La conspiración contra el Imperio
El árbol no sólo probó la vida de los delincuentes comunes. En 1865 y 1866 se descubrió una conspiración para derrocar a Maximiliano y liberar al país del dominio extranjero. Cinco militares fueron capturados, juzgados como traidores y fusilados primero… pero la lección no estaba completa.
La fuerza imperial colgó sus cuerpos en el árbol, como advertencia muda para el pueblo. Sus nombres, grabados en piedra bajo el tronco, aún se leen para quien se acerque con respeto:
- Coronel Dr. Felipe Muñoz
- Coronel Vicente Martínez
- Mayor Manuel Mutio
- Capitán Lorenzo Rivera
- Teniente José Mutio
No hay archivos abundantes que hablen de ellos. El árbol es su único testigo.
El árbol que escuchó llorar a un pueblo
Aquella ejecución pública encendió algo más que el miedo: avivó la indignación y el deseo de libertad. Las mujeres lloraron a sus muertos, los hombres apretaron los dientes, y la ciudad nunca volvió a ver ese árbol de la misma manera.
Con el paso de los años, Tomás O’Horán correría la misma suerte que su emperador. Cuando Benito Juárez regresó triunfante a la Ciudad de México en 1867, O’Horán fue fusilado como traidor a la Patria. Algunos dicen —y yo no lo descarto— que su lamento también se suma al coro nocturno.

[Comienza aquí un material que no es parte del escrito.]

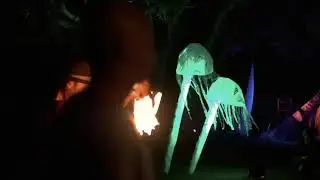 Taidin Halfmoon Music Festival Fire Performance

Los lamentos de la madrugada
Cuando el reloj rebasa las doce, el jardín cambia. Se escuchan quejidos largos, como suspiros ahogados. Hay quien jura haber visto siluetas balanceándose entre las ramas, aunque no haya viento alguno.
Por eso, todavía hoy, más de uno acelera el paso al cruzar la plaza de madrugada. No por miedo al árbol… sino a lo que recuerda.
El árbol en nuestros días
El Árbol de los Colgados sigue en pie, aunque ya no tan frondoso como antaño. Parece sostenerse más por terquedad histórica que por fuerza natural. Frente a la iglesia de San Agustín de las Cuevas, una placa recuerda a los hombres que murieron ahí.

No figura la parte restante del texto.